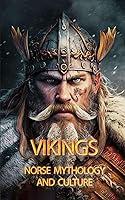 Algopix Similar Product 17 - Vikings Norse Mythology and Culture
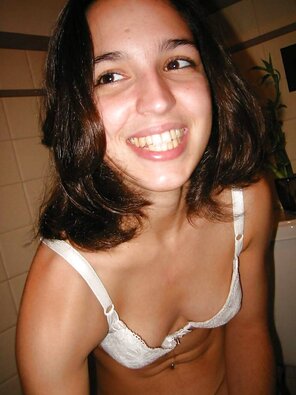amateur-Foto bra and panties (298)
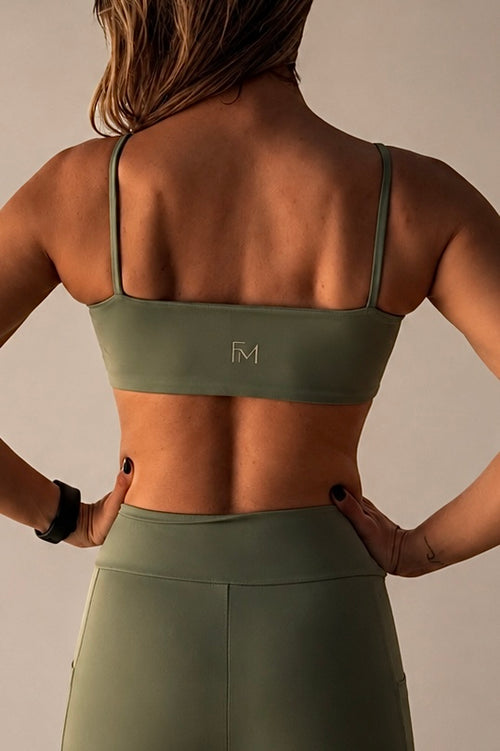 Conjunto Basic Mint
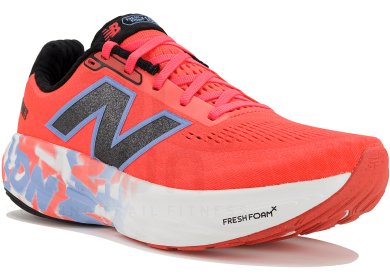 Fresh Foam X 1080 V14 TCS London Marathon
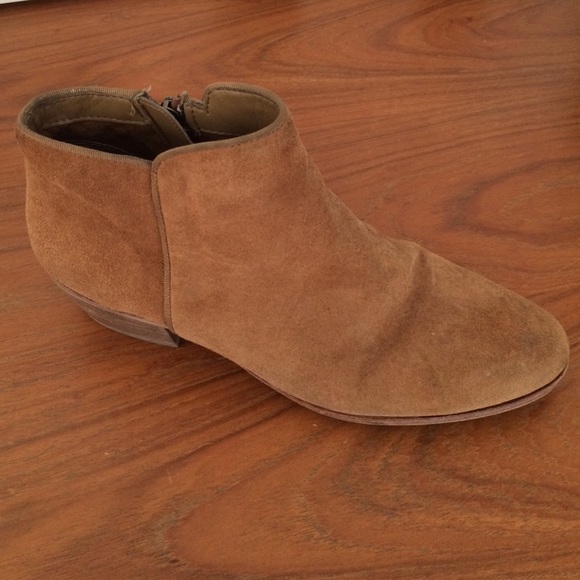 Sam Edelman Boots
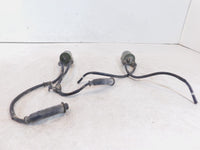 Honda VTX1300 VTX1300R VTX1300C Engine Motor Ignition Coils & Spark Plug Wires - C3 Cycle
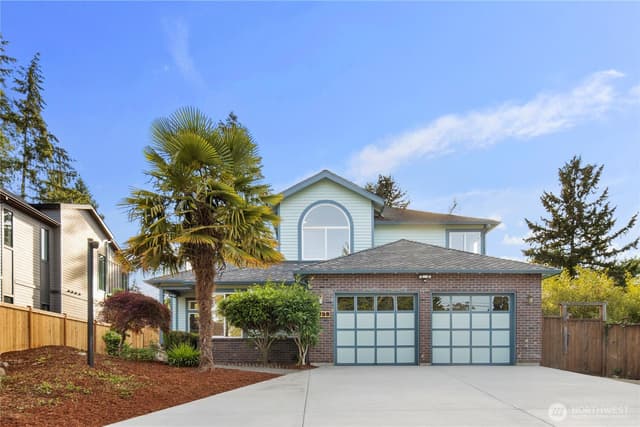 Property photo for 1759 173rd Avenue NE, Bellevue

(About this exercise)
Would you return all of the data above word for word, omitting every picture?

(Written response)
 Algopix Similar Product 17 - Vikings Norse Mythology and Culture
amateur-Foto bra and panties (298)
 Conjunto Basic Mint
 Fresh Foam X 1080 V14 TCS London Marathon
 Sam Edelman Boots
 Honda VTX1300 VTX1300R VTX1300C Engine Motor Ignition Coils & Spark Plug Wires - C3 Cycle
 Property photo for 1759 173rd Avenue NE, Bellevue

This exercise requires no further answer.